- Specialty: Neurology
- Usual onset: In majority seen within 4 days of initial stroke. In patients treated with thrombolysis - within 24 hours.
- Types: petechial hemorrhage, parenchymal hemorrhage
- Diagnostic method: Brain computed tomography (CT) angiography

= Hemorrhagic transformation =

Internal bleeding in the brain after a stroke

Hemorrhagic transformation (HT) or hemorrhagic conversion is a medical complication that can occur in the brain following an acute ischemic stroke, a condition in which blood flow to the brain is blocked.

Hemorrhagic transformation is a process which involves the bleeding of brain tissue that has been affected by the stroke and can take two forms: petechial hemorrhage and parenchymal hemorrhage.

HT can lead to further damage to the brain tissue and worsen the outcome of the initial stroke. The risk of HT increases with the severity and duration of the initial stroke, as well as with certain medical conditions such as high blood pressure, diabetes, and clotting disorders and the use of certain medications, such as anticoagulants and thrombolytic tpA medication (such as alteplase) which can increase the bleeding risk.
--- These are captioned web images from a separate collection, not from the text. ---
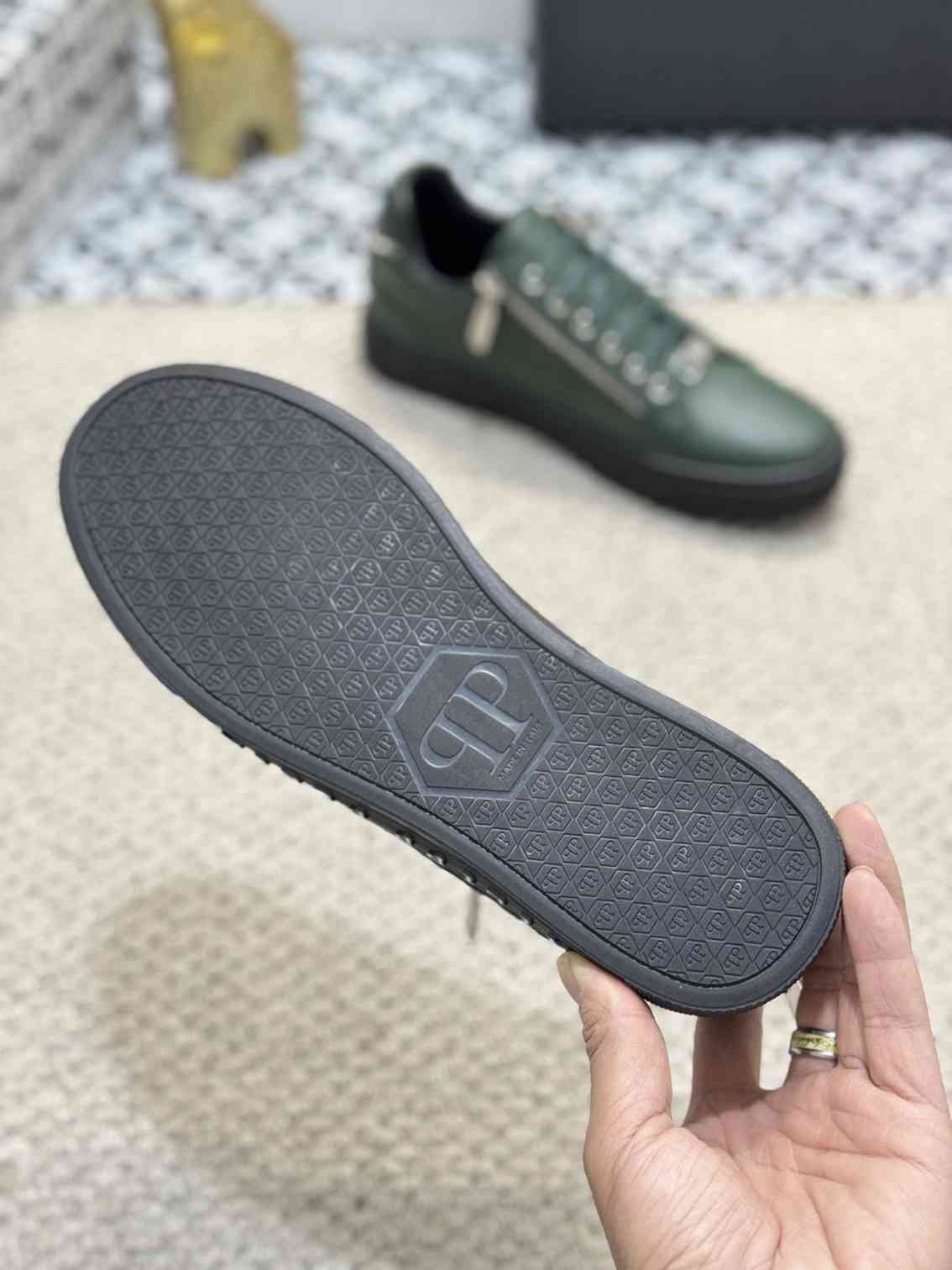 Philipp Plein Men’s Soft lambskin Sneakers Colorway 3 1159220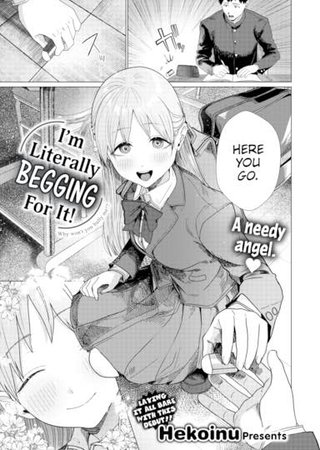 I'm Literally Begging For It! Hentai Cover Image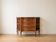 Louis XV style wooden commode with side shelves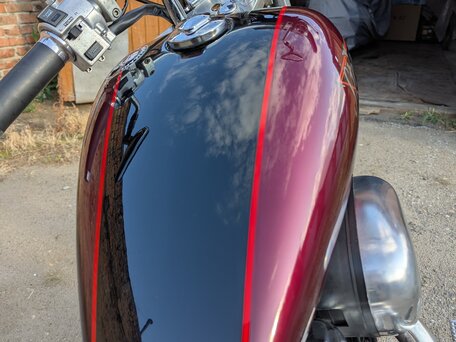 1992 Honda Steed 400, чёрный, 280000 рублей, вид 3
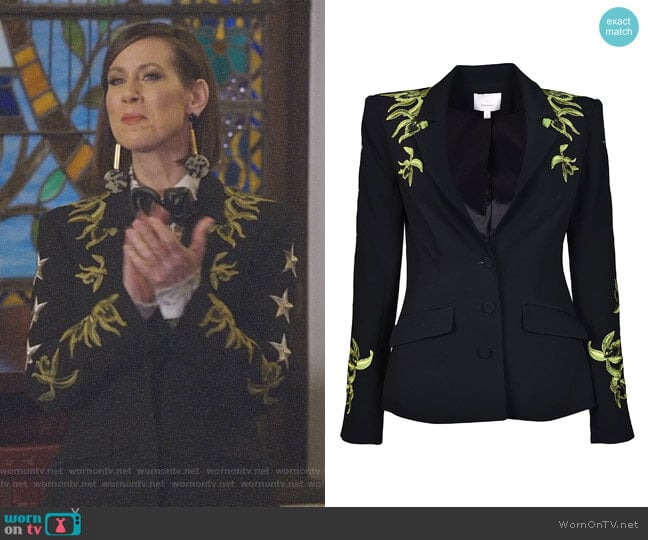 Orchid Pax Blazer by Cinq a Sept worn by Diana Trout (Miriam Shor) on Younger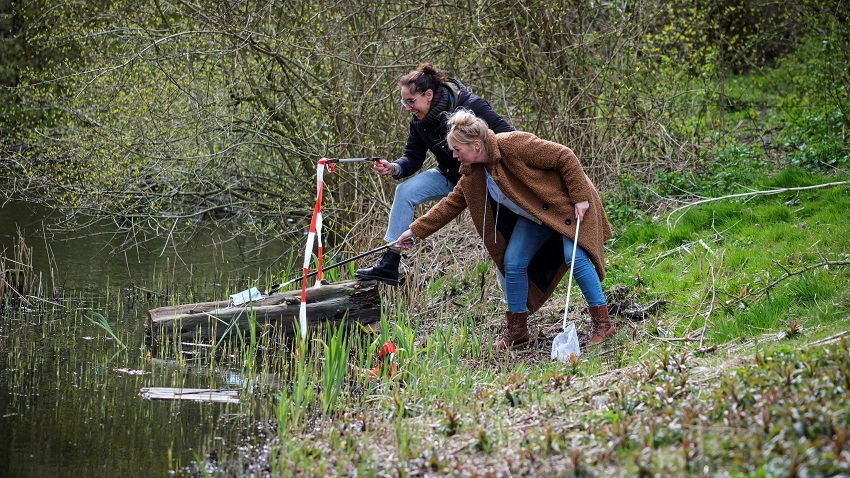 Hoogheemraadschap roept op om zwerfafval te rapen op en rondom water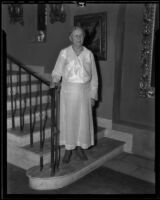 Alice Richardson at the Mission Inn, Riverside, 1936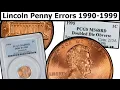 1990-1999 Lincoln Penny Errors Varieties Complete Guide - Values Clear Explanation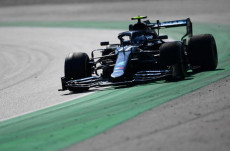Il pilota finlandese di Formula 1 Valtteri Bottas sulla Mercedes-AMG Petronas in azione duarnte le prove nel circuito di Monza.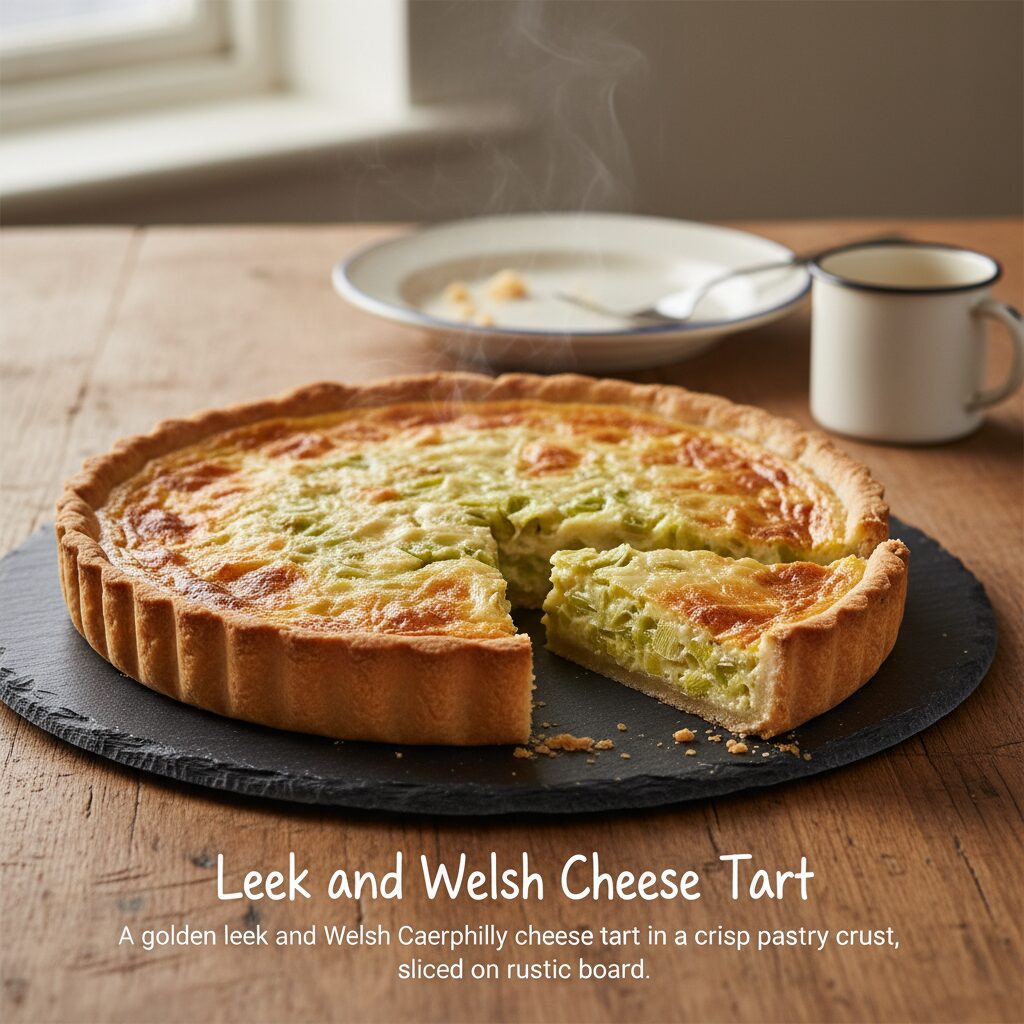 Leek and Welsh Cheese Tart โ North Wales, United Kingdom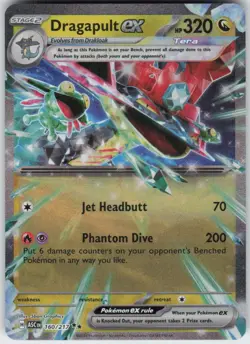 DRAGAPULT EX 160/217 ASCENDED HEROES POKEMON DOUBLE RARE NM/M - Image 1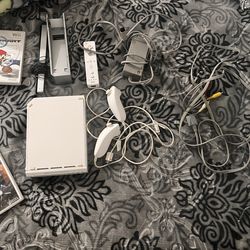 Wii plus guitar & games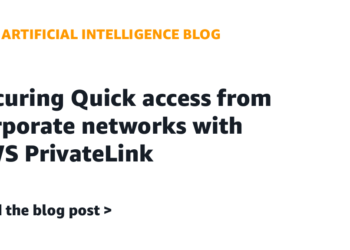 Securing Fast entry from company networks with AWS PrivateLink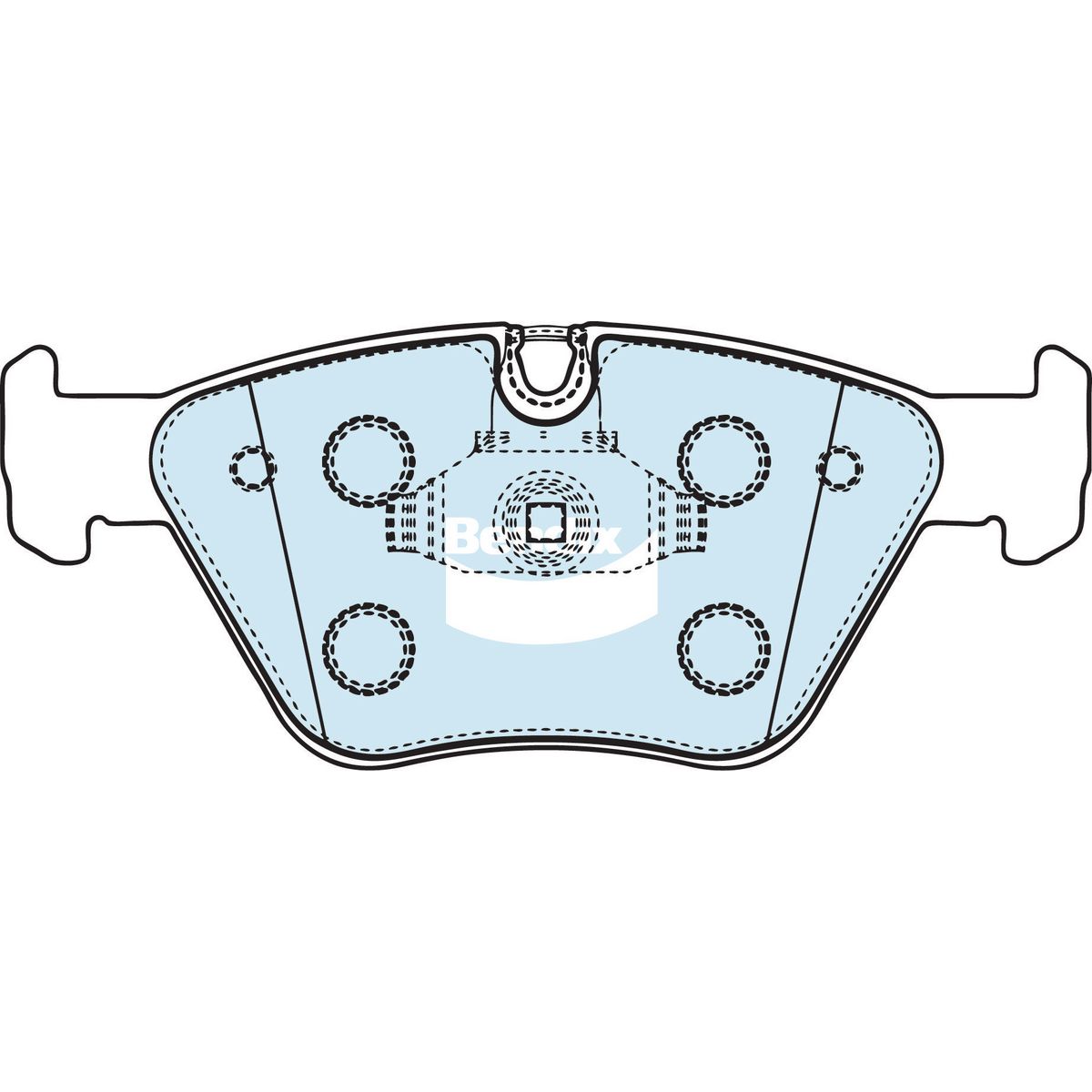 Bendix General CT Brake Pad Set Front DB1522 GCT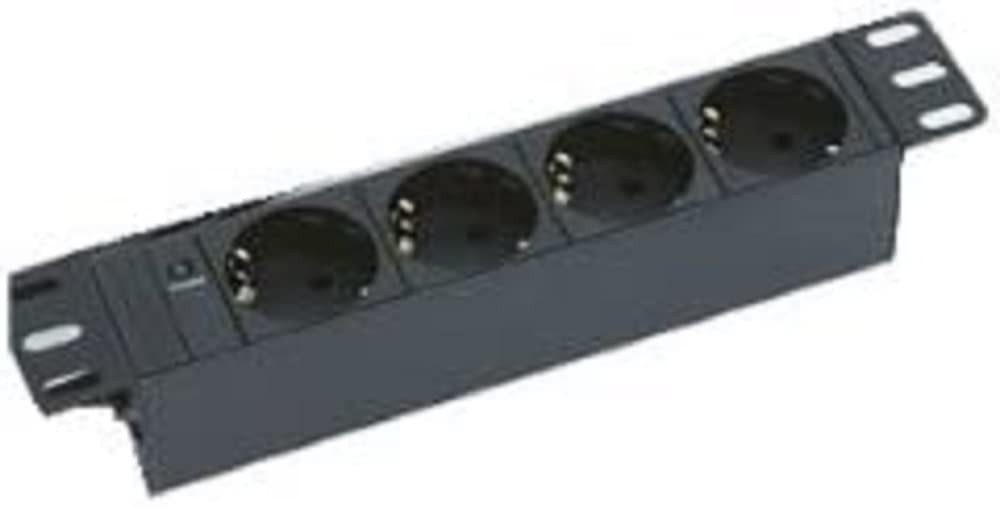Triton Serverschrank Triton 19"Schrank, zbh. Steckdosenleiste 7xDosen(CEE7)->Stecker(CEE7) ÜS Schalter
Effective treatment is complex and may involve medications to control bleeding (reversing coagulopathy), management of underlying medical conditions, and sometimes neurosurgical treatment to reduce the bleeding.

== Signs and symptoms ==
Signs and symptoms can vary depending on the severity and location of the bleeding within the brain tissue.

In the medical literature, various criteria have been used to establish whether a hemorrhagic infarction is symptomatic or not. Studies have shown that only parenchymal hematomas are strongly associated with long-term deterioration and worsening of the patient's condition. Most cases of hemorrhagic transformation, including the majority of petechial hemorrhages, are asymptomatic and do not cause noticeable symptoms.

Some common symptoms might include:

- Headache
- Changes in consciousness
- Weakness or numbness
- Seizures
- Speech difficulties
- Vision problems

== Pathophysiology ==
HT involves the extravasation of blood from the peripheral circulation across a disrupted blood-brain barrier (BBB) and into the brain tissue.

== Epidemiology ==
Around 10-15% of patients with acute ischemic stroke experience hemorrhagic transformation.